§ Material shown:
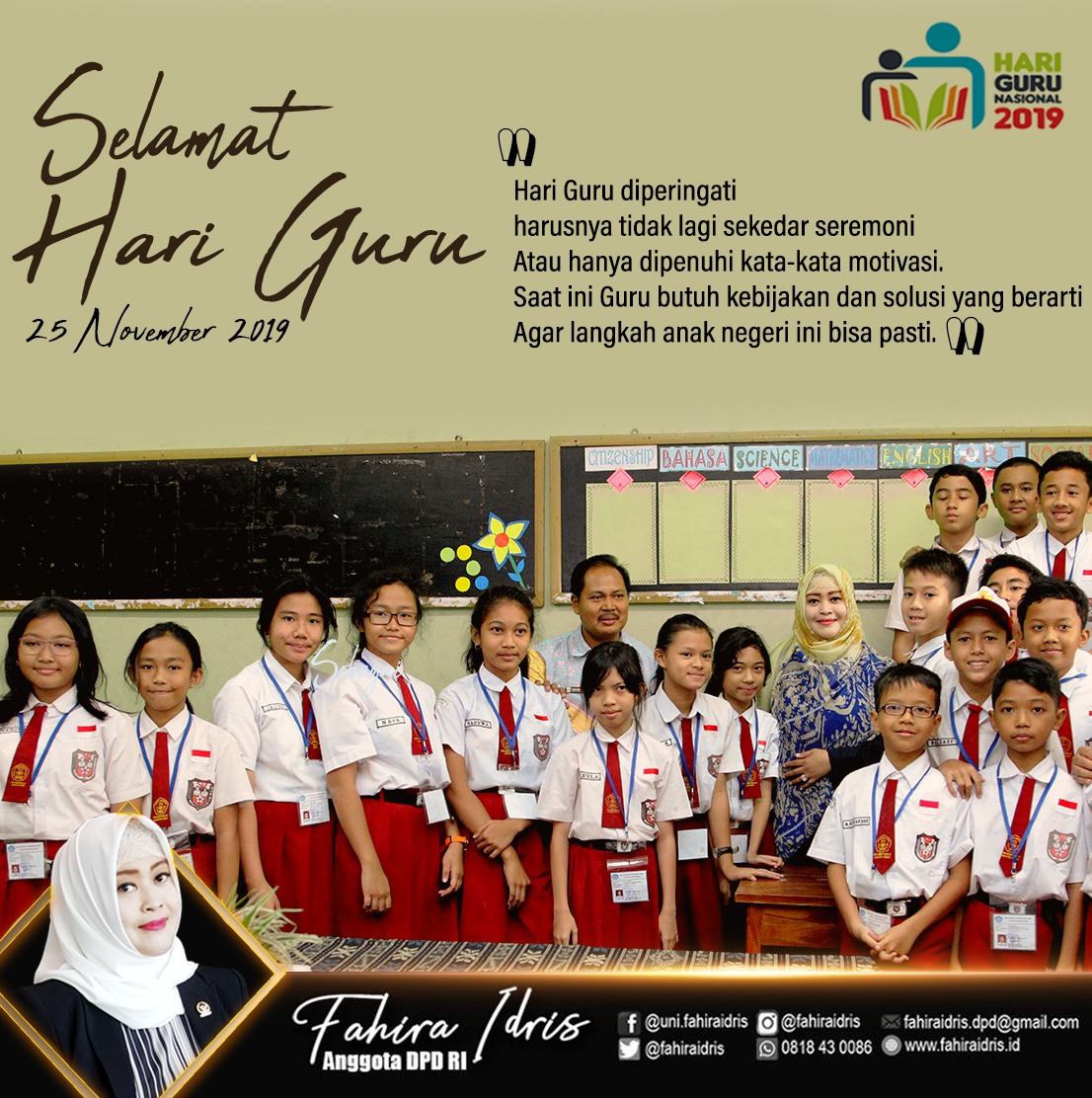 fahiraidris's tweet photo. Hari Guru diperingati 
harusnya tidak lagi sekedar seremoni
Atau hanya dipenuhi kata-kata motivasi.
Saat ini Guru butuh kebijakan dan solusi yang berarti
Agar langkah anak negeri ini bisa pasti.

SELAMAT HARI GURU
25 NOVEMBER 2019
#HariGuruNasional2019 
#HariGuruNasional https://t.co/fYnFGjoLYV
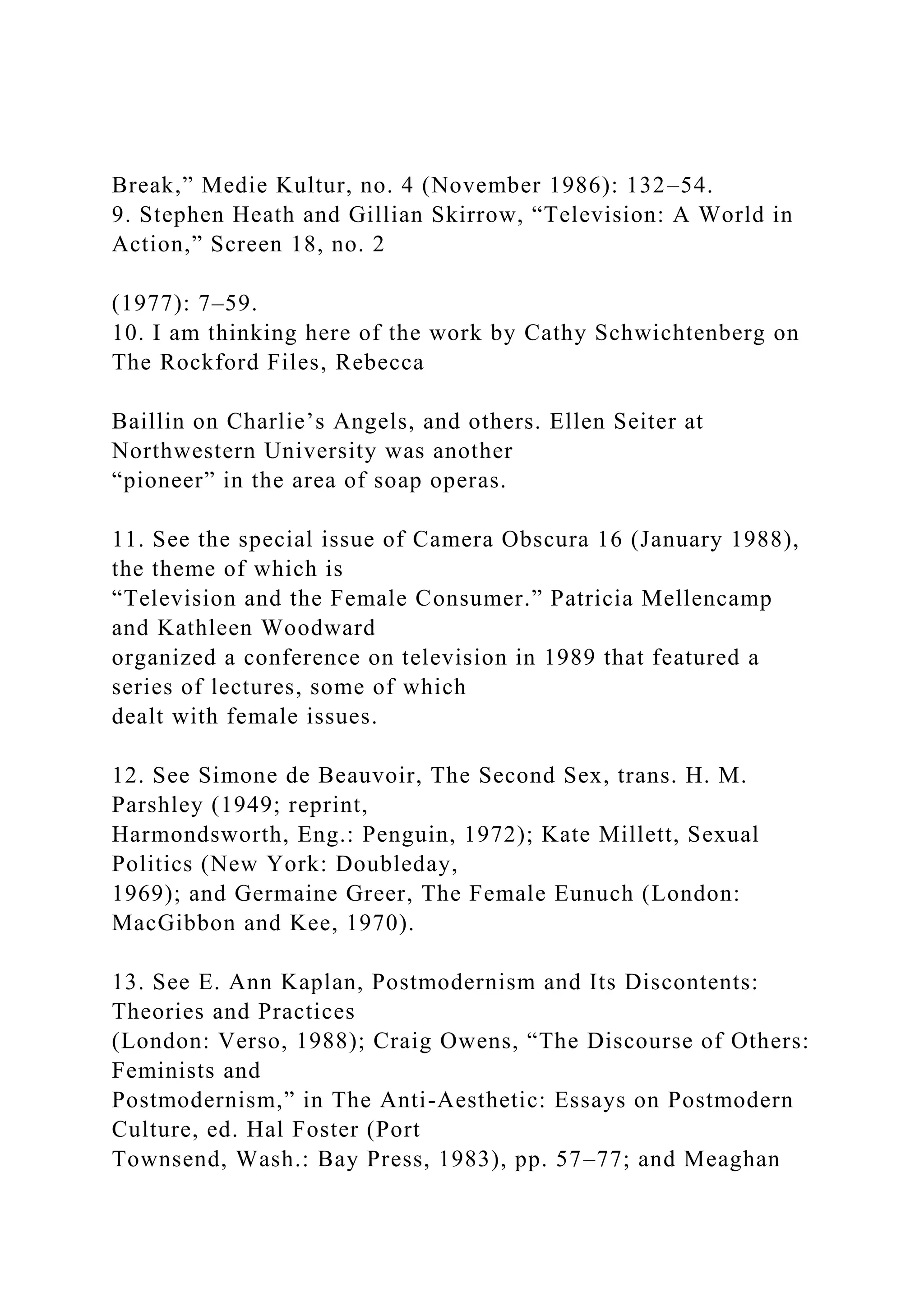 Break,” Medie Kultur, no. 4 (November 1986): 132–54.
9. Stephen Heath and Gillian Skirrow, “Television: A World in
Action,” Screen 18, no. 2
(1977): 7–59.
10. I am thinking here of the work by Cathy Schwichtenberg on
The Rockford Files, Rebecca
Baillin on Charlie’s Angels, and others. Ellen Seiter at
Northwestern University was another
“pioneer” in the area of soap operas.
11. See the special issue of Camera Obscura 16 (January 1988),
the theme of which is
“Television and the Female Consumer.” Patricia Mellencamp
and Kathleen Woodward
organized a conference on television in 1989 that featured a
series of lectures, some of which
dealt with female issues.
12. See Simone de Beauvoir, The Second Sex, trans. H. M.
Parshley (1949; reprint,
Harmondsworth, Eng.: Penguin, 1972); Kate Millett, Sexual
Politics (New York: Doubleday,
1969); and Germaine Greer, The Female Eunuch (London:
MacGibbon and Kee, 1970).
13. See E. Ann Kaplan, Postmodernism and Its Discontents:
Theories and Practices
(London: Verso, 1988); Craig Owens, “The Discourse of Others:
Feminists and
Postmodernism,” in The Anti-Aesthetic: Essays on Postmodern
Culture, ed. Hal Foster (Port
Townsend, Wash.: Bay Press, 1983), pp. 57–77; and Meaghan
 
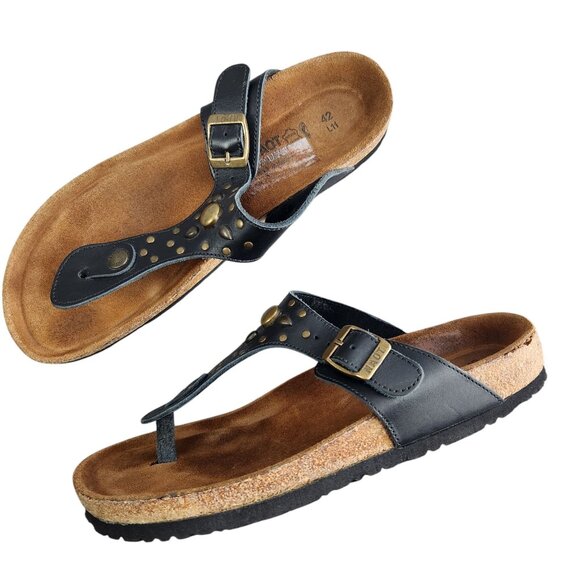Naot Shoes - Naot Womens Leather Studded Sandals Size 42 Black & Brown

§ Task to complete:
Take the lines from the one holding "harusnya tidak lagi sekedar seremoni" through the final line of the records above and output them exactly, both ends included, excluding pictures.

§ Written response:
harusnya tidak lagi sekedar seremoni
Atau hanya dipenuhi kata-kata motivasi.
Saat ini Guru butuh kebijakan dan solusi yang berarti
Agar langkah anak negeri ini bisa pasti.

SELAMAT HARI GURU
25 NOVEMBER 2019
#HariGuruNasional2019 
#HariGuruNasional https://t.co/fYnFGjoLYV
 Break,” Medie Kultur, no. 4 (November 1986): 132–54.
9. Stephen Heath and Gillian Skirrow, “Television: A World in
Action,” Screen 18, no. 2
(1977): 7–59.
10. I am thinking here of the work by Cathy Schwichtenberg on
The Rockford Files, Rebecca
Baillin on Charlie’s Angels, and others. Ellen Seiter at
Northwestern University was another
“pioneer” in the area of soap operas.
11. See the special issue of Camera Obscura 16 (January 1988),
the theme of which is
“Television and the Female Consumer.” Patricia Mellencamp
and Kathleen Woodward
organized a conference on television in 1989 that featured a
series of lectures, some of which
dealt with female issues.
12. See Simone de Beauvoir, The Second Sex, trans. H. M.
Parshley (1949; reprint,
Harmondsworth, Eng.: Penguin, 1972); Kate Millett, Sexual
Politics (New York: Doubleday,
1969); and Germaine Greer, The Female Eunuch (London:
MacGibbon and Kee, 1970).
13. See E. Ann Kaplan, Postmodernism and Its Discontents:
Theories and Practices
(London: Verso, 1988); Craig Owens, “The Discourse of Others:
Feminists and
Postmodernism,” in The Anti-Aesthetic: Essays on Postmodern
Culture, ed. Hal Foster (Port
Townsend, Wash.: Bay Press, 1983), pp. 57–77; and Meaghan
 
Naot Shoes - Naot Womens Leather Studded Sandals Size 42 Black & Brown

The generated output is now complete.